A concept truck designed by Volvo has been further developed to offer long-range capability.
Volvo first unveiled its concept truck in May 2016, but has enhanced it with improvements in aerodynamics, rolling resistance and reduced weight. The new version also features a hybrid powertrain – one of the first of its kind for heavy-duty trucks in long-haul applications – developed from the company’s popular hybrid bus range. The manufacturer claims that CO2 emissions have been reduced by up to 30%, along with improved fuel economy.
“We strive to be at the forefront of electro-mobility and to constantly push the limits when it comes to reducing fuel consumption and emissions,” says Claes Nilsson, CEO at Volvo Trucks. “Over the coming years, as society moves more and more towards renewable energy, we strongly believe that electro-mobility and hybrid technology will become increasingly important. With the concept truck we will gain valuable knowledge and experience, which will help us develop the technology further.”
The hybrid powertrain works by recovering energy when driving downhill on slopes steeper than 1% or when braking. The recovered energy is stored in the vehicle’s batteries and used to power the truck in electric mode on flat roads or low gradients. A version of Volvo Trucks’ driver support system I-See has also been created especially for the hybrid powertrain. This analyses upcoming topography to calculate the most economical and efficient choice between the diesel engine and the electric motor, in addition to the optimal time to use the recovered energy.

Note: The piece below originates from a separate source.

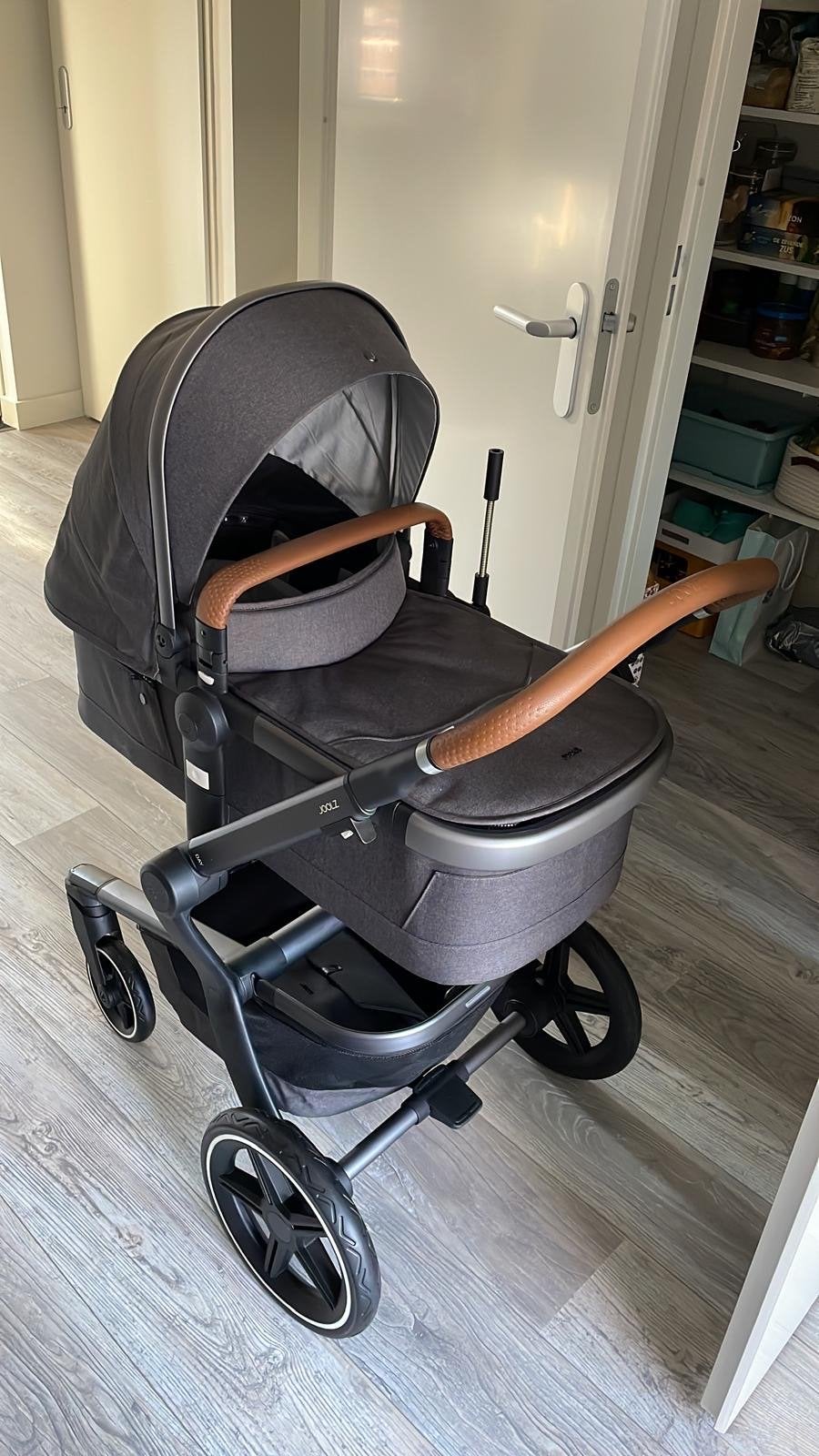 Joolz Day + kinderwagen met reiswieg en autostoel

In long-haul transportation, Volvo claims the hybrid powertrain will allow the combustion engine to be shut off for up to 30% of the driving time. This will save between 5-10% of fuel, depending on the vehicle type or specification and its drive cycle. It also offers the ability to drive in full electric mode for up to 10 kilometres, enabling the vehicle to operate with zero emissions and low noise.
Using hybrid technology, the potential reduction in fuel and emissions is considerable and an important step towards reaching both our and society’s environmental goals for the future,” said Lars Mårtensson, Director Environment and Innovation, Volvo Trucks.